After the San Jose Sharks lost their seventh straight game Saturday, trade buzz arose surrounding the team. As this column speculated, general manager (GM) Doug Wilson was not swept up in it, telling the San Jose Mercury News after practice Sunday, February 17 that it is up to the current roster to get the job done.
The only moves made ahead of Tuesday's road game against the St. Louis Blues were putting forward James Sheppard on injured reserve and recalling enforcer Matt Pelech. Wilson and head coach Todd McLellan say effort and execution are the keys to leading the team from its slump, with the GM additionally suggesting to the Mercury News Monday that players might be trying to do too much:
"You try and take the responsibility to go and do something that goes outside our system. You're doing it because you think that helps. It doesn't help. The trust in how we play repetitively is what allows you to play very well for a long period of time...One little thing should not be changing how you approach the game."
This can especially describe the power play, which was the main focus of practice after managing just two goals in its last 38 chances. Had they scored at their typical rate over the past few seasons (over 20 percent), they would have had six more goals in their last six games resulting in between two and four more wins depending on how they were delegated.
True, that could mean as little as two more points in the standings. Still, there would be no trade buzz surrounding a team that started the season 7-0-0 just because they have now gone 2-4-1. A 9-4-1 record would place them ahead of Tuesday's opponent for the fourth spot in the NHL Western Conference standings.
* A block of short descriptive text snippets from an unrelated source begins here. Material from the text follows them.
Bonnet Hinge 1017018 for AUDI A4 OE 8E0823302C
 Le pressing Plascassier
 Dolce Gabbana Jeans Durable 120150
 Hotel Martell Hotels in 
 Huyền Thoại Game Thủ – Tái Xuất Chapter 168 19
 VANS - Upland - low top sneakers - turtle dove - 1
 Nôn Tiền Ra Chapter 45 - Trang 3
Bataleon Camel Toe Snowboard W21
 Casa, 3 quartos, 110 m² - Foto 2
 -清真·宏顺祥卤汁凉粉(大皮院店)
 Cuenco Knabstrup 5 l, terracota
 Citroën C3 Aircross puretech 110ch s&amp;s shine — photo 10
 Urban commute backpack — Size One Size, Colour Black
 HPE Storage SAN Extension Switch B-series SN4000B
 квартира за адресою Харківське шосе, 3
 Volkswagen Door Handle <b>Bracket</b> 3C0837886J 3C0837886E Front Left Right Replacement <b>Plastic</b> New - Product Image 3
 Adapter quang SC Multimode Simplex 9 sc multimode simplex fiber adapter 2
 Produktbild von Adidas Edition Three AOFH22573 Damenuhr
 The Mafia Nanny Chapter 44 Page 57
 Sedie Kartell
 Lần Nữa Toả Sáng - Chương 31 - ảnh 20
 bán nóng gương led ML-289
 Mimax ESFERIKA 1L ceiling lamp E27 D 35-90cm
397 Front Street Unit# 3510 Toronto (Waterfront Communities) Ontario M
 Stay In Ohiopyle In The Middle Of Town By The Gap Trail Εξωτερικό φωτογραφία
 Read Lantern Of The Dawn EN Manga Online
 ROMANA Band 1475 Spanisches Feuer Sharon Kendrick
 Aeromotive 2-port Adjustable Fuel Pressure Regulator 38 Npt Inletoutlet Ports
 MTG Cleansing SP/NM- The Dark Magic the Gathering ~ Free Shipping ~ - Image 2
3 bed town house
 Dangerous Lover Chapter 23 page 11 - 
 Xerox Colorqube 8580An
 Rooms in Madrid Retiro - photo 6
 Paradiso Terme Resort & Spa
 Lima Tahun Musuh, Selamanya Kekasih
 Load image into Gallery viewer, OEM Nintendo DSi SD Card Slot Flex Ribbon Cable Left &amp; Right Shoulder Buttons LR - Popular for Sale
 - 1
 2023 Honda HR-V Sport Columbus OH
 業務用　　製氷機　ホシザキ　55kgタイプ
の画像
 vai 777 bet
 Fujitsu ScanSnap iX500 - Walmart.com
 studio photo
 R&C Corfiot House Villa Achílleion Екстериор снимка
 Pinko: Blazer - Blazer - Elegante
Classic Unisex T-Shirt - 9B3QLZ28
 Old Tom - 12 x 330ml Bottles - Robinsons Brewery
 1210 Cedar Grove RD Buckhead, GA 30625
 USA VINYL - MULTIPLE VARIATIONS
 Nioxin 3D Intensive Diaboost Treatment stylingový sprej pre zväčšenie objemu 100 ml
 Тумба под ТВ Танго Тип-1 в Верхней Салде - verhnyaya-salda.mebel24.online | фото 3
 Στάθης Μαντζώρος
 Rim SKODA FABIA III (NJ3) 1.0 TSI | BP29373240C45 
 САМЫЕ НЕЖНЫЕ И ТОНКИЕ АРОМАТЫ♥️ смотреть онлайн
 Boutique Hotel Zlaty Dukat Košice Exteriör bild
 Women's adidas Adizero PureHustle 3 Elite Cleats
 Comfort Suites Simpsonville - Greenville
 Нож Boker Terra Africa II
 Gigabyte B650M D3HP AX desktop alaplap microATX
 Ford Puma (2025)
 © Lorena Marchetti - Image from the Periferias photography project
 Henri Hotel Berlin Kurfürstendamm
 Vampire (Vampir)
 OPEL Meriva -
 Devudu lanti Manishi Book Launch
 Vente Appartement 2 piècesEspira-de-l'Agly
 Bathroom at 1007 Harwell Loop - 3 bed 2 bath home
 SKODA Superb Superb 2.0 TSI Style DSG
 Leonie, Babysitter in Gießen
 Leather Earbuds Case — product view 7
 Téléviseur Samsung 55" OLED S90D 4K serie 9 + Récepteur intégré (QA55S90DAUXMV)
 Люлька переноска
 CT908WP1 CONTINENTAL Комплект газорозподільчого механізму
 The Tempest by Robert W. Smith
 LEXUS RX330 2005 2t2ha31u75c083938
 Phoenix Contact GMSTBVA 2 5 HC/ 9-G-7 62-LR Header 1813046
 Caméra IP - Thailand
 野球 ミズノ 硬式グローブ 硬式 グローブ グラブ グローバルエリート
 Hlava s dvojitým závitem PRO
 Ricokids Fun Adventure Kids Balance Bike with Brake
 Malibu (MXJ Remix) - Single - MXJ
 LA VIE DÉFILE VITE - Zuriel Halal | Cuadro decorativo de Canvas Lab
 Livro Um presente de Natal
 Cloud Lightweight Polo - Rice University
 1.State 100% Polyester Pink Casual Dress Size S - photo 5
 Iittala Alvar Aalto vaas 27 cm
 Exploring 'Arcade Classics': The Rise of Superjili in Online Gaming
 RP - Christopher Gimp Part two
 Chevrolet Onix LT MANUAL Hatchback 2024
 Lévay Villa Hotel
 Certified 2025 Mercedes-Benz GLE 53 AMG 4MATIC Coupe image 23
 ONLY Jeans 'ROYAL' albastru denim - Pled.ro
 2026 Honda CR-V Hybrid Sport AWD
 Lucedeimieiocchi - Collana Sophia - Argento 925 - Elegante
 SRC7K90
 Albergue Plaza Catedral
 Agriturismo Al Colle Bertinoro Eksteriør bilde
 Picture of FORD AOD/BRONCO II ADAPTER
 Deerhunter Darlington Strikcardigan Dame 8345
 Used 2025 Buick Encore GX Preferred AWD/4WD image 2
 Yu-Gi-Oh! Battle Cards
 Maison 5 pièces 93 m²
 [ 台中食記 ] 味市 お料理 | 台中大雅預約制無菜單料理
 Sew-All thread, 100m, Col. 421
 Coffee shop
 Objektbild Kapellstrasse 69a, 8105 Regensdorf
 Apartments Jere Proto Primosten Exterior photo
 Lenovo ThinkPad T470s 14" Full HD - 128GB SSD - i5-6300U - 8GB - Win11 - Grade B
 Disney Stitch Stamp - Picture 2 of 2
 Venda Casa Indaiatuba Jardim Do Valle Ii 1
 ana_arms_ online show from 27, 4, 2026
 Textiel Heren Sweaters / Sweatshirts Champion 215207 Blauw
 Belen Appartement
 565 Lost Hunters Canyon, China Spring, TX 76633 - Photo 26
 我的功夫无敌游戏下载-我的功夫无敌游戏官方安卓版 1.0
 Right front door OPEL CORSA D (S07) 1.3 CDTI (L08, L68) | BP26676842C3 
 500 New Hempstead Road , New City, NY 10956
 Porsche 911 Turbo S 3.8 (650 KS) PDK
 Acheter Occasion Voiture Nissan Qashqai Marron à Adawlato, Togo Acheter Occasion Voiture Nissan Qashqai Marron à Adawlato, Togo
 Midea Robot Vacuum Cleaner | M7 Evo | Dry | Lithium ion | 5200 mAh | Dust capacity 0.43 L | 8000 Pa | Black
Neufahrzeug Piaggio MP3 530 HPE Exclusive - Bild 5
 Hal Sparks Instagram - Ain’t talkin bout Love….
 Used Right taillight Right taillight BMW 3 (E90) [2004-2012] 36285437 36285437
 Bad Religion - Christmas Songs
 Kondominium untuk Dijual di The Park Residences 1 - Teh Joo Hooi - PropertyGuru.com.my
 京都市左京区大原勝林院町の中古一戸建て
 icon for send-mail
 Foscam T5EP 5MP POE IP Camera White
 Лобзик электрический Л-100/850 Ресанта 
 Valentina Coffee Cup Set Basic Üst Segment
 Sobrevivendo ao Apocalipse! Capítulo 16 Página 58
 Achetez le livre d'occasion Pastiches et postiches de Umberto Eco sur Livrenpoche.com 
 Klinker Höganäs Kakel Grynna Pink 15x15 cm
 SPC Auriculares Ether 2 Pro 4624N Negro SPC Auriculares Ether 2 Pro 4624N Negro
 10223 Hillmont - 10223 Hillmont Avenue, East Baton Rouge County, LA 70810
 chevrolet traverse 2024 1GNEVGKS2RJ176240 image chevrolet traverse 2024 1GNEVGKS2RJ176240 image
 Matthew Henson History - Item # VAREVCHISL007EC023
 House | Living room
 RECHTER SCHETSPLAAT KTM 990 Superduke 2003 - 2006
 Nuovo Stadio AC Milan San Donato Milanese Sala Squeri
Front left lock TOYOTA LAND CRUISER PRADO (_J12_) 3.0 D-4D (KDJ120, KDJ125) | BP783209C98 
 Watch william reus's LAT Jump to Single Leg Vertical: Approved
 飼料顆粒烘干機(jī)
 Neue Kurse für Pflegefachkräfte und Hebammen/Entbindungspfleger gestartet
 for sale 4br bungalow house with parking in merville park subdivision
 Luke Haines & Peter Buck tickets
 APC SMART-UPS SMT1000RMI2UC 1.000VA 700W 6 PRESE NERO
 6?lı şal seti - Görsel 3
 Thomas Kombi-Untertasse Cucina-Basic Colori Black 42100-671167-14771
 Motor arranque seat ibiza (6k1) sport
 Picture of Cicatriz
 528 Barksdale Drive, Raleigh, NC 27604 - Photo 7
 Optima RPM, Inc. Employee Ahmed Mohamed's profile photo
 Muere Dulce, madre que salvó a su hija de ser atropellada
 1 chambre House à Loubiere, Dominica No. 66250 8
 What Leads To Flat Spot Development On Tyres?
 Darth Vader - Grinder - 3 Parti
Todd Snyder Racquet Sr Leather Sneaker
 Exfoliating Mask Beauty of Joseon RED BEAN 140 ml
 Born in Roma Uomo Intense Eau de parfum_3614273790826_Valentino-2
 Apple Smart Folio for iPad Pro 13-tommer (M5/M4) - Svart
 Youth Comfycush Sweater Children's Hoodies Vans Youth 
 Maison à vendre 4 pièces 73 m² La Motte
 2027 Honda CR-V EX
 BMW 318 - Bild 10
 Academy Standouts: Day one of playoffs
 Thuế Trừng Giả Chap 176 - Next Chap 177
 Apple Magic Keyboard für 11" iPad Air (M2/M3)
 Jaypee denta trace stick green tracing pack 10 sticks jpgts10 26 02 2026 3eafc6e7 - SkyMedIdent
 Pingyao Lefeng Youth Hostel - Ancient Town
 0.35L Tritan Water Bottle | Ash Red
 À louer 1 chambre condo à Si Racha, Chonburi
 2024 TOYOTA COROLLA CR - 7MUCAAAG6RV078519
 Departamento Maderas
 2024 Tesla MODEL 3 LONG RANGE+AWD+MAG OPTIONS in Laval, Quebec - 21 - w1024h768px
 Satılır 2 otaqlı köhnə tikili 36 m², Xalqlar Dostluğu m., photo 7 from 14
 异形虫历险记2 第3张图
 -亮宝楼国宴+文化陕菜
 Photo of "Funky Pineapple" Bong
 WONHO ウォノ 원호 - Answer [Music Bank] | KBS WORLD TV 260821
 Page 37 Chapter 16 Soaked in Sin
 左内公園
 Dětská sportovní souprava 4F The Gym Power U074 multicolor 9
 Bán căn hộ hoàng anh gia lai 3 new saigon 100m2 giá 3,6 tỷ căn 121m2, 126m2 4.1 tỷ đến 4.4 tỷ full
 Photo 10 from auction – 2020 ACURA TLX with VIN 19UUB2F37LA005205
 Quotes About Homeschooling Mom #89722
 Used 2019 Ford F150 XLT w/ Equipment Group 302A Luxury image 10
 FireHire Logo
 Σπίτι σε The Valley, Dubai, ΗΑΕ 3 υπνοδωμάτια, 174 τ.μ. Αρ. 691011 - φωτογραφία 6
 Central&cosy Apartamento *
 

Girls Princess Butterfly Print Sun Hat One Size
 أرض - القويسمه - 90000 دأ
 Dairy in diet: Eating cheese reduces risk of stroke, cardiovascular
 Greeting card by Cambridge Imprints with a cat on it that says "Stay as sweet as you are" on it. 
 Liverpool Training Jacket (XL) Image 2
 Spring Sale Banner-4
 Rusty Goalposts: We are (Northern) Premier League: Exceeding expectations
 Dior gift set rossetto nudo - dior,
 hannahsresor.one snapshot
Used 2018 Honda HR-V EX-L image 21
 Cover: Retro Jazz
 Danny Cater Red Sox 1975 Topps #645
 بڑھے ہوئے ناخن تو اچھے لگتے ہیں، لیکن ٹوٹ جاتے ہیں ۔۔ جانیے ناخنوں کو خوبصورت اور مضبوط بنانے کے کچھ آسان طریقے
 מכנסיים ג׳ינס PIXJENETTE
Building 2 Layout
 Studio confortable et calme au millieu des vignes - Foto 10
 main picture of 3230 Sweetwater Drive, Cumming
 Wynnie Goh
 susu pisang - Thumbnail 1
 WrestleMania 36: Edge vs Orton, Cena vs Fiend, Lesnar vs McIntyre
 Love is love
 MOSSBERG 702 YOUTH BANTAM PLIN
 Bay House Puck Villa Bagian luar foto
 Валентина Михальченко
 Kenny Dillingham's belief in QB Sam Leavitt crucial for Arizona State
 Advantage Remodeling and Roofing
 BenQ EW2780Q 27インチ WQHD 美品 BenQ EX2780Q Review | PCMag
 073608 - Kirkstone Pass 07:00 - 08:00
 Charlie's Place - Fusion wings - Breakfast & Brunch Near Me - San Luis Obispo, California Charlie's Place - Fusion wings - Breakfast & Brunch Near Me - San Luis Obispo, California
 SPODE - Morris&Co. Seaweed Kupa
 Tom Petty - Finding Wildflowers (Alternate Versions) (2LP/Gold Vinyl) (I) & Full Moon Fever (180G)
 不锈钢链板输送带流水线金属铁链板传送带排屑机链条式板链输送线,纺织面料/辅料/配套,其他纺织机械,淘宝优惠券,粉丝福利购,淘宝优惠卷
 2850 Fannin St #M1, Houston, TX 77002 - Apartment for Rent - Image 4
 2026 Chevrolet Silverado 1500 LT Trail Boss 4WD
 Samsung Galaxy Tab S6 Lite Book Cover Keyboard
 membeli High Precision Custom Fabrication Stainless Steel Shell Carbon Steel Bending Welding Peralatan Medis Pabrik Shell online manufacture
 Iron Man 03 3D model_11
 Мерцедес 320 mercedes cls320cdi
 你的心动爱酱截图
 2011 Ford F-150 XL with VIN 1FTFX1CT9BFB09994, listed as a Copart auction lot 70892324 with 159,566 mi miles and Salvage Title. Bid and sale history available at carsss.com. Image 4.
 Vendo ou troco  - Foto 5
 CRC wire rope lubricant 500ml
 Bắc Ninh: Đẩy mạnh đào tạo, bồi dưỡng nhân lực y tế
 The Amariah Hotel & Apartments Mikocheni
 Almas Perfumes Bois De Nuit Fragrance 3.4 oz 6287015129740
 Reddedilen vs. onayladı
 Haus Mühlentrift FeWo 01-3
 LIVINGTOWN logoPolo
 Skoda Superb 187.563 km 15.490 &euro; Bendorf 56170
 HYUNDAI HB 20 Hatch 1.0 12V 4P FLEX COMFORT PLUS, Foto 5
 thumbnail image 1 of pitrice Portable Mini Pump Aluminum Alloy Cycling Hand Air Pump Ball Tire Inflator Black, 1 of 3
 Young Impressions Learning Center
At best, they could have beaten the Anaheim Ducks on the road, Chicago Blackhawks at home and beaten both the Phoenix Coyotes and Nashville Predators in regulation. If that had happened, they would be 11-2-1—a half-game ahead of Anaheim in the Pacific Division and a half-game behind Chicago for the top spot in the NHL.
In other words, the difference between glorious success and gaping failure is the performance of a few people on the ice for a few shifts in a few games. Can the Sharks get that execution back Tuesday, or will the slide continue?